4.          Did the Commission breach its statutory mandate and the principles of natural justice and procedural fairness in failing to have regard to all the evidence and circumstances of the applicant's complaint, the inconsistencies in the respondent's submissions and the failure to consider the applicant's final submissions of March 30, 2004?

Applicant's Submissions

[19]                        Standard of Review

The applicant submitted that the applicable standard of review of the Commission's discretionary decision to not refer a complaint to a Human Rights Tribunal is reasonableness simpliciter (see Cormier v. Canada (Canadian Human Rights Commission), [1999] F.C.J. No.543 (T.D.)).

[20]                        Issue 1


The applicant submitted that there were many inconsistencies in the respondent's submissions to the Commission and therefore the evidence of the applicant should have been preferred. Examples cited by the applicant included issues surrounding whether in fact a union representative was in attendance at the times alleged by the respondent, and the respondent's failure to provide the applicant with documentation outlining the procedures and policies that the respondent claimed the applicant had breached.

[21]                        The applicant submitted that the respondent clearly discriminated against her by failing to accommodate her family status and her disability and thus, the Commission's decision was unreasonable and should be overturned.

[22]                        Issue 2

The applicant submitted that the Commission erred in reversing the investigator's recommendation without providing any explanation of what specific allegations were accepted by the Commission.

[23]                        The applicant submitted that in certain circumstances where the decision in question has important significance for the individual, as was the case here, reasons for the decision should be provided (see Gardner v. Canada (Attorney General), [2004] F.C.J. No. 616).

[24]                        The applicant further submitted that in keeping with the Court's reasons in Gardner, supra, two written requests for reasons were made to the Commission on May 21, 2004 and June 16, 2004, but no written reasons were provided. The applicant submitted that the Commission therefore breached the duty of fairness by failing to provide sufficient reasons.
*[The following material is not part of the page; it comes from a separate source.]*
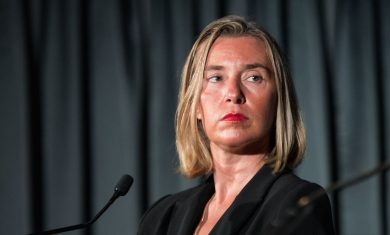 Così la Ue abbraccia l’Iran contro l’isolazionismo Usa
[25]                        Issue 3


The applicant submitted that the Rule 318 Certificate accompanying the certified record submitted to the Court which indicated that the applicant's final submissions dated March 30, 2004 and faxed March 31, 2004 were provided to the Commissioners prior to rendering their decision. However, the document entitled "Chronology", indicated that the matter was sent to the Commission's Meetings Unit on March 25, 2004, and the applicant further contended that she was advised "by an official of the Commission" that it was unlikely that her latest submissions were ever reviewed prior to the April 27, 2004 decision.
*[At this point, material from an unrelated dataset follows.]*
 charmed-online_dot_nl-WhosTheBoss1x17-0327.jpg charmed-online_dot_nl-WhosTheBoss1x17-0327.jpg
[26]                        The applicant submitted that the final submissions appear therefore to not have been reviewed by the Commission. The Commission therefore failed to have regard to all the evidence and committed a reviewable error.

Respondent's Submissions

[27]                        Standard of Review

The respondent submitted that the appropriate standard of review in considering a discretionary decision of the Commission is patent unreasonableness (see McConnell v. Canada (Canadian Human Rights Commission), [2004] F.C.J. No. 1005 and Price v. Concord Transportation Inc., [2003] F.C.J. No. 1202 (T.D.)). The respondent submitted that in the alternative, the appropriate standard of review is reasonableness simpliciter (see Lindo v. Royal Bank of Canada, [2000] F.C.J. No. 1101 (T.D.)).

[28]                        Issue 1


The respondent submitted that the applicant's submission that the applicant's evidence should be preferred due to alleged inconsistencies in the respondent's submissions to the Commission, amounts to a request for an adjudicative decision from the Commission, which is not the appropriate role of the Commission (see Cooper v. Canada (Human Rights Commission), [1996] 3 S.C.R. 854).

[29]                        The respondent submitted that there was sufficient evidence before the Commission to enable it to conclude that the respondent had accommodated the applicant in respect of both her family status and disability. For example, the respondent had granted the applicant's first request for time off to locate a new babysitter for her child. Notwithstanding the applicant's failure to both return to work and follow the steps she was repeatedly advised were required to have a leave of absence granted, the respondent continued to permit her absence on unauthorized leave while requesting the required information be provided by the applicant.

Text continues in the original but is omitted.